ライプニッツ「点から線の構成と実体から物質の構成の差異」
ライプニッツの遺稿から、点と線に関する幾何学的構造と、不可分な要素である実体とそれから合成される物質の構造の違いについてライプニッツがメモした部分を翻訳してみました。
「点から線の構成と実体から物質の構成の差異」
原題:DIFFERENTIA INTER CONSTITUTIONEM LINEAE EX PUNCTIS ET MATERIAE EX SUBSTANTIIS
典拠:A VI, iv, 1673-1674
日付:なし。[A版の配列からして、1690頃起草か?]
[1673] Hoc interest inter modum quo Linea constituitur punctis, et quo Materia constituitur ex substantiis quae in ea sunt, quod punctorum numerus non est determinatus, at substantiarum numerus etsi infinitus sit tamen est certus ac determinatus, nascitur enim ex actuali divisione materiae non ex possibili tantum.
線が点から構成される仕方と、物質がそのうちに内在している実体から構成される仕方とは異なっている。というのも、点の数は確定したものではないのに対し、実体の数は無限であるとはいえ確実で確定したものなのだから。なぜならそれは、物質のただ可能的な分割ではなく、現実的な分割から生じるからである。

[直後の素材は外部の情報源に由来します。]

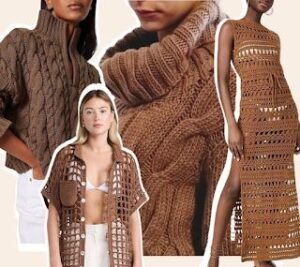 Peças de vestuário em crochê na cor Mocha Mousse, incluindo casacos, vestidos e blusas.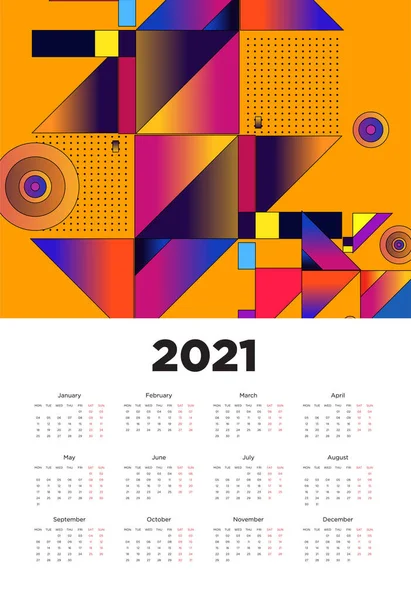 New Year 2021 Calendar Design Colorful Geometric Background Pattern Design — Stock Vector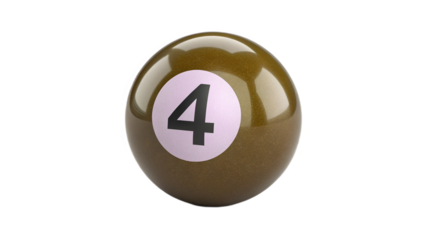 pool ball number four on transparent background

Neque enim materia divisa est omnibus modis possibilibus, sed certis quibusdam proportionibus servatis, ut Machina, piscina, grex.
というのも、物質は、あらゆる可能な様態に分割されるのではなく、機械、養魚池、群れのように、何らかの確定した比例によって保たれるからである。
[1674] Linea non est aggregatum punctorum cum tamen corpus sit aggregatum substantiarum.
線は点の寄せ集めではないが、物体は実体の寄せ集めである。
Qui Atomos stabilivere, viderunt partem veritatis. Agnoverunt enim ad unum aliquid indivisibile deveniendum esse, quod sit basis multitudinis, sed in eo errarunt, quod unitatem in materia quaesiverunt, credideruntque posse corpus dari quod vere sit substantia una indivisibilis.
アトムを支持する者たちは、ある真な部分を理解してはいる。彼らは、多なるものの基礎をなすような、何か一つの不可分なものに到達するべきだということを認めるであろうから。しかし、彼らは、物質のうちにある一なるものを問われると、誤ちをおかすのである。そして、彼らは、一つの不可分な実体が真であることは物体が与えることができると信じるのである。
Considerandum an non debeat aliquid esse in Materia praeter substantias illas indivisibiles.
はたしてそのような不可分な実体とは別に、物質のうちに何があるべきなのかどうか、考えねばならない。